You can buy the ticket at the Rotterdam Tourist Information outlets (Coolsingel, Rotterdam Centraal) or, even easier, pre-order the Rotterdam Welcome Card online and have it delivered to your home – for this option, we suggest booking it at least two weeks in advance of your arrival. You can get discounts on things like the Pannenkoekenboot, an unlimited pancake-eating boat cruise (no, really!), the medieval Laurenskerk, the highest observation tower in The Netherlands Euromast (which you can also *ABSEIL OFF!*, as well as 25-50% off most museum entrances in Rotterdam, plus food and drinks offers.

Outside of Rotterdam itself, The Netherlands as a country is amazingly connected where trains are concerned, so don’t miss the ease at which it is to take a trip to neighbouring cities like Scheidam, Utrecht, Dordrecht, Den Haag, and even Amsterdam itself. 

Connecting from Rotterdam to Schipol Airport

From Rotterdam Centraal you can get a fast train (either Thalys or an Intercity (IC)) or a slower train that calls at the stations in between. Naturally, the slower train is slightly cheaper, and on trains there are different prices for the different classes (First Class; Second Class, and appropriate carriages for each ticket type). A note –– there are IC Direct trains which require a ‘supplement’ charge of a couple of euro on top of your ticket price, and ticket inspectors will want to see proof of this, so don’t be caught out. It can be a bit confusing, so take your time and figure it out when purchasing your ticket, so you don’t pay more than you should, or get caught out. By purchasing your printed tickets at the machines at the station, you will have to pay a little surcharge of €1 or so too, so you can pre-book your train online and have the ticket on your phone or printed out to make it slightly cheaper too.

Trains to Schipol Airport are very frequent from Rotterdam Centraal and you’ll be going towards Amsterdam to get to the airport. BTW, if you want to come back again, it’s worth noting Rotterdam Pride takes place in mid-late September annually whilst Amsterdam Pride is always the end of July-into-August.

Getting to Ahoy Arena –– Eurovision 2020 Rotterdam Venue

Eurovision is taking place in the Ahoy Arena, south of the city centre, from 12-16 May 2020. Rotterdam Centraal to Zuidplein (where Ahoy Arena is located) takes about 10-12 minutes on the metro, and leaves you mere steps from the arena –– it really couldn’t be simpler. There is also a big bus station underneath the metro station for bus users.

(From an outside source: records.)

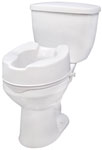 6 Inch Raised Toilet Seat with Lock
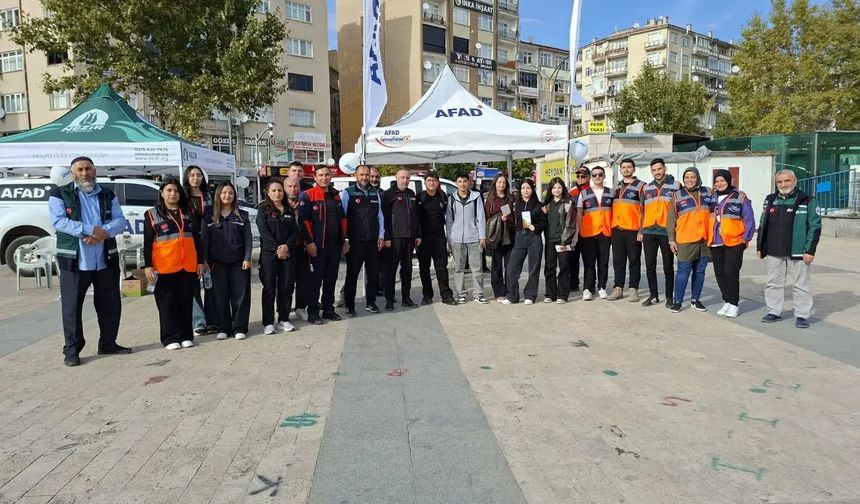Kırşehir’de AFAD’dan Afet Farkındalığı Etkinliği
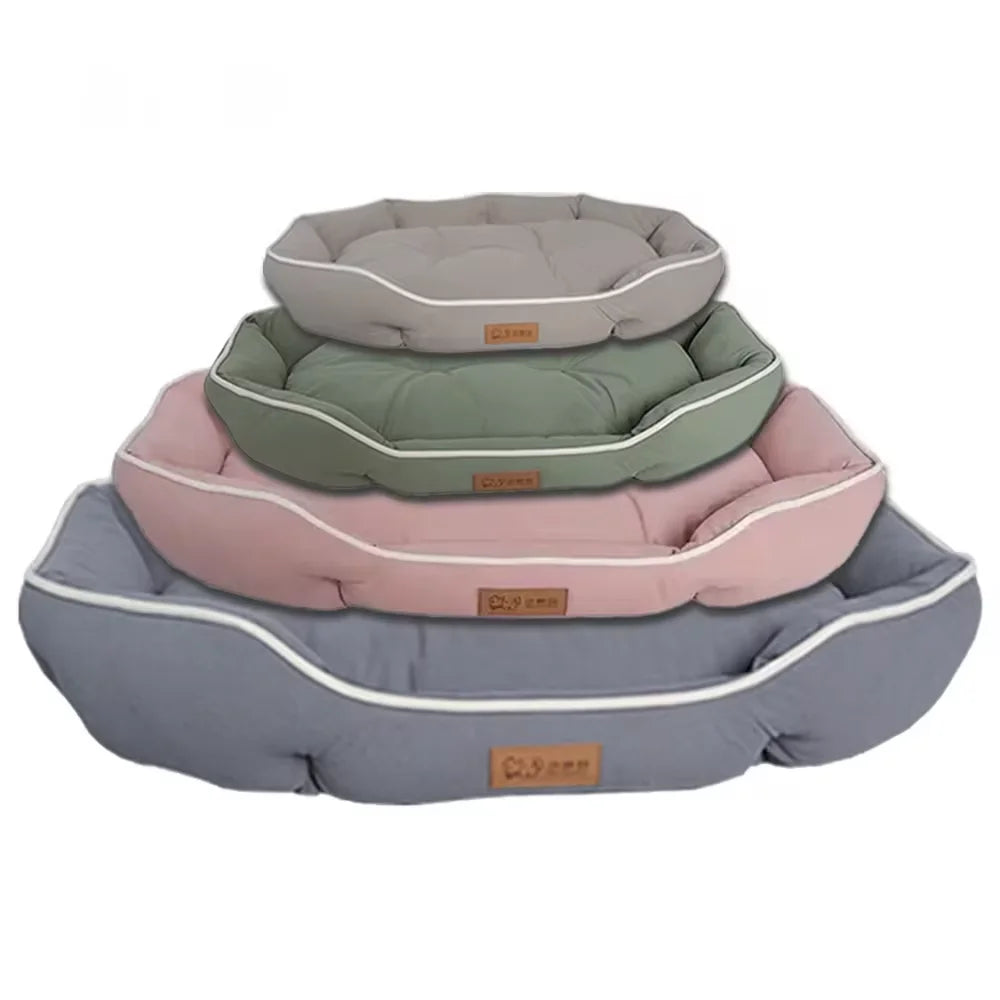 Pet Sofa Bed – Large Dog & Cat Sleeping House | Winter Warm Cushion Mat for Big Pets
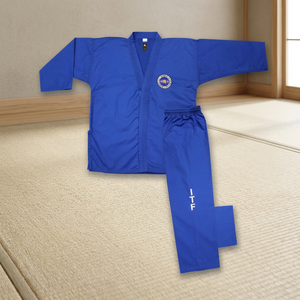 Uniforme de Taekwondo Bhutta Enterprises BE-3409 Unisex para Adultos, Ropa Deportiva de Poliéster/Algodón, Hecho en Pakistán - Product Image 2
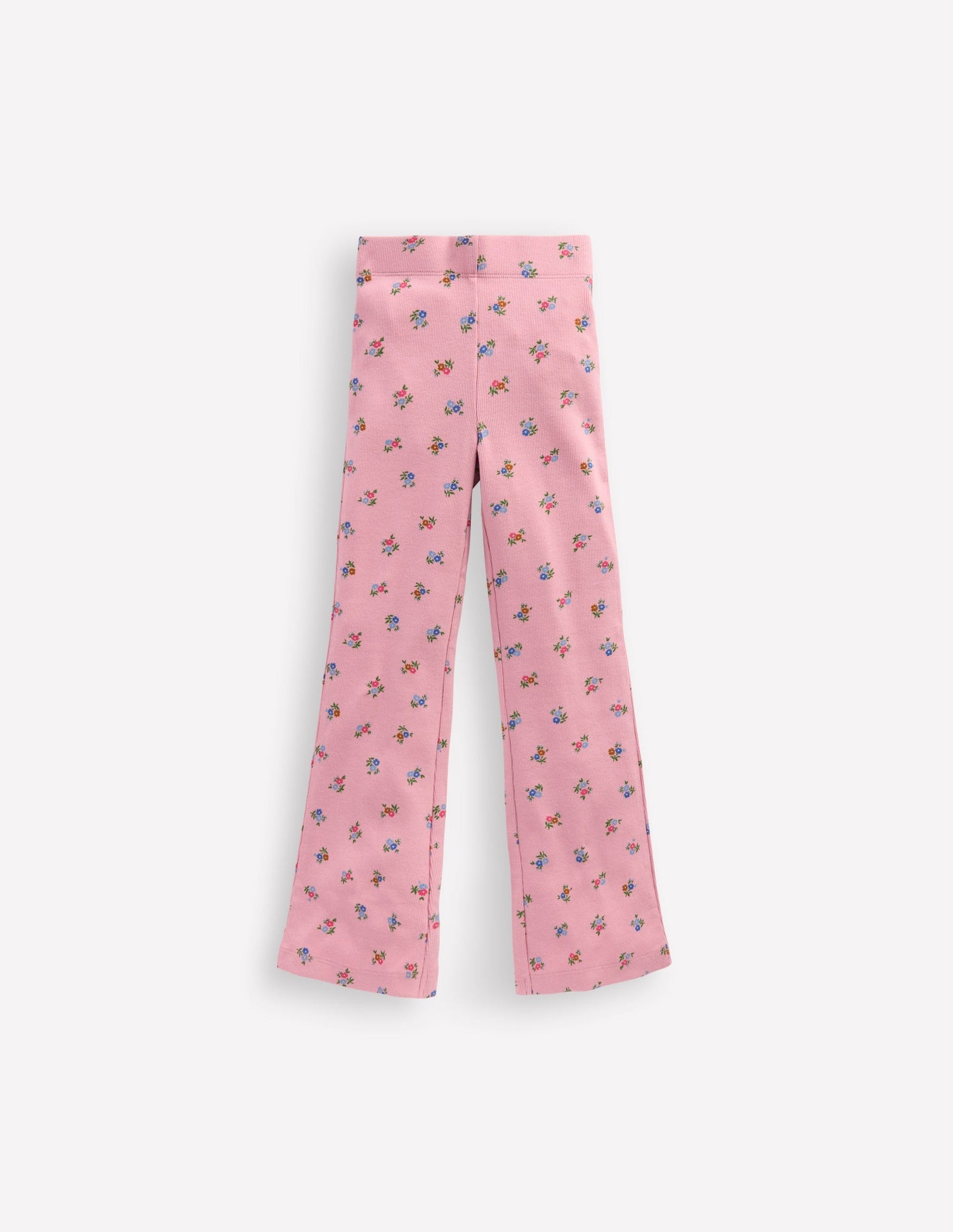 Ribbed Flare Leggings - Vintage Pink Spaced Ditsy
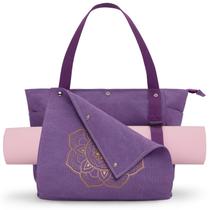 Bolsa de tapete de ioga Gonex Yoga Gym Bag Sacola de lona roxa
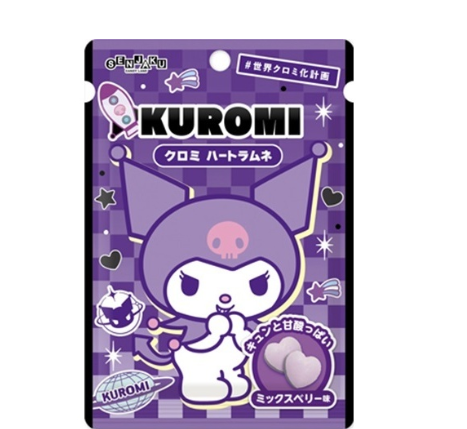 15/3 4901650219230 4G1 Senjakuame Kuromi Heart Ramune (Soda Candy) — 32g
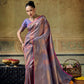  STORI Dual purple Handloom Silk Saree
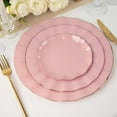 thumbnail image 6 of Efavormart 11" Dinner Plates – Set of 10 Plastic Dusty Rose Round Disposable Plates with Gold Ruffled Rim – Elegant Tableware for Wedding Receptions, Dinner Parties, Holiday Events, and Catering, 6 of 11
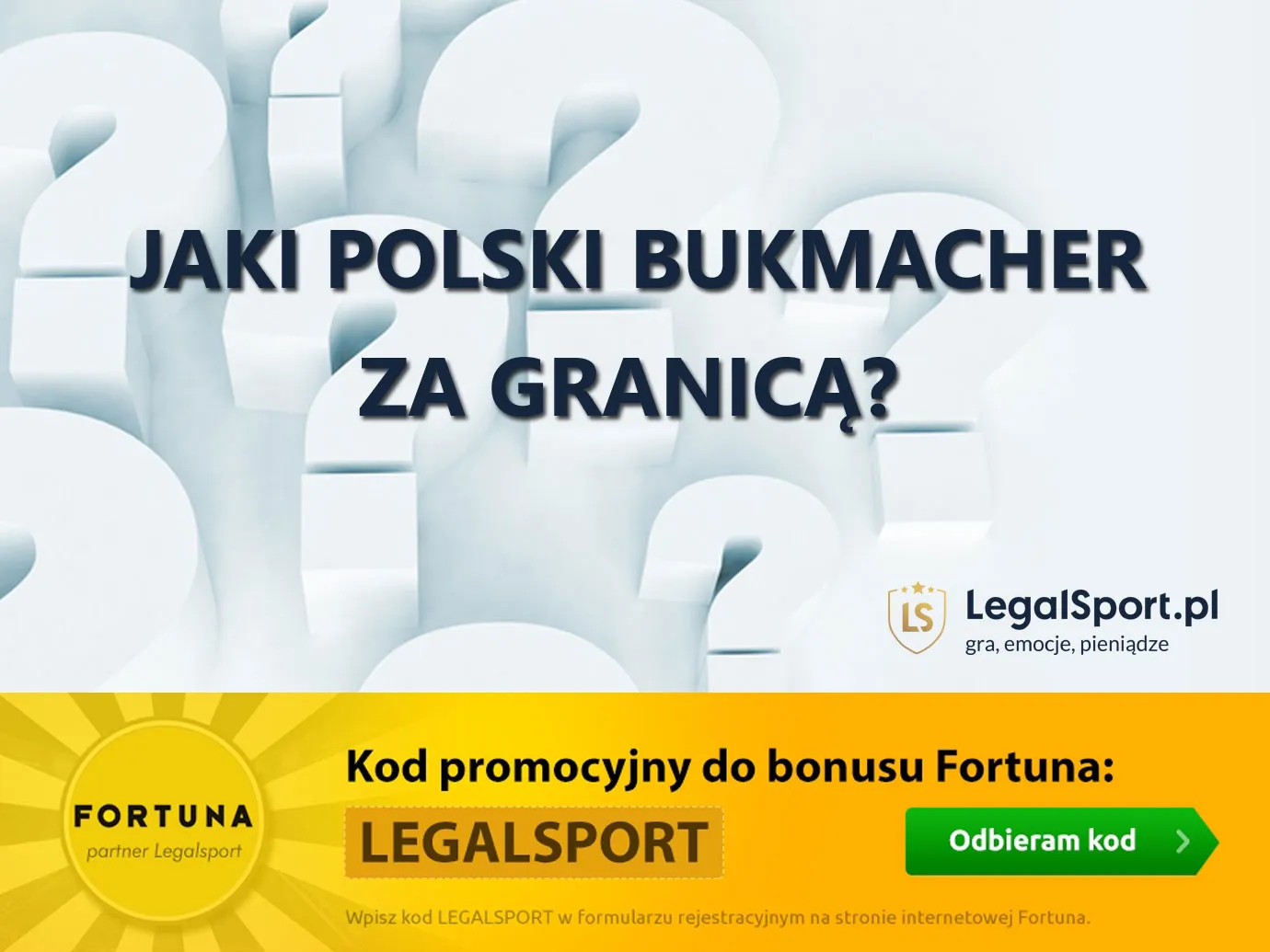 Bukmacher dla Polaków za granicą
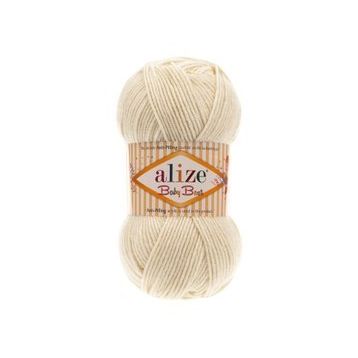 Alize 62 açık Krem 5'li Soft Plus El Örgü İpi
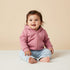 Plain Zip Through Hoodie - Pink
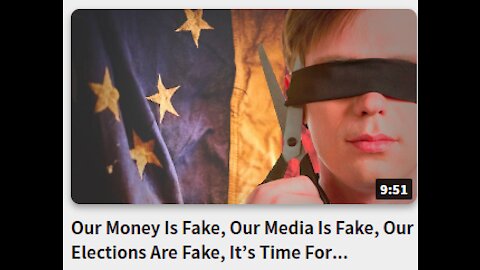 Our Money Is Fake, Our Media Is Fake, Our Elections Are Fake, It’s Time For Americans To Get Real!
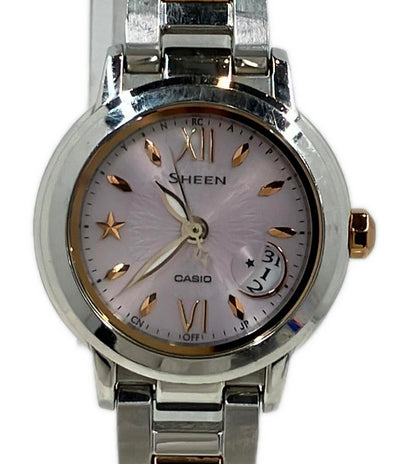 CASIO 腕時計 シーン SHEEN ソーラー ピンク SHW-1500 レディース カシオ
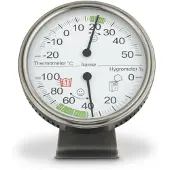 Hama Tahiti, Thermometer + hygrometer, Zilver
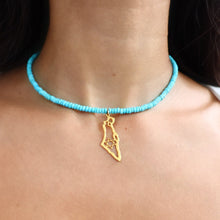 Load image into Gallery viewer, Map of Israel Necklace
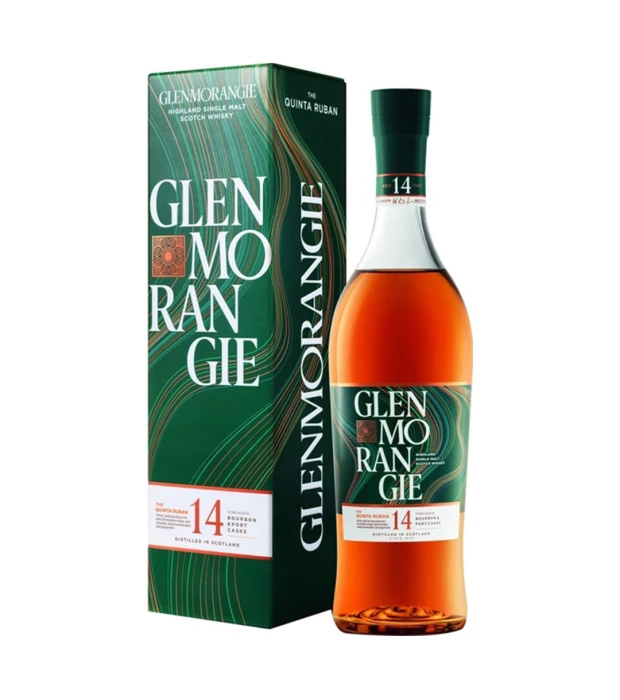 Виски Glenmorangie Quinta Ruban 14 лет выдержки 0,7л 46% в подарочной упаковке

Metro lines E and D serve this station. Important to note that Line E serves Den Haag Centraal (The Hague), meaning anyone with accommodation there has a no-transfer connection with the arena after the show.

Beside the arena is the Winkelcentrum Zuidplein Shopping Centre, full of shops and fast food restaurants, whilst outside there is a number of fast casual spots too. Nothing worth writing home about, it seems you’ll get far better food options in the city centre, but something to tide hungry fans over. There’s both a large Burger King and McDonalds within the aforementioned shopping centre, too.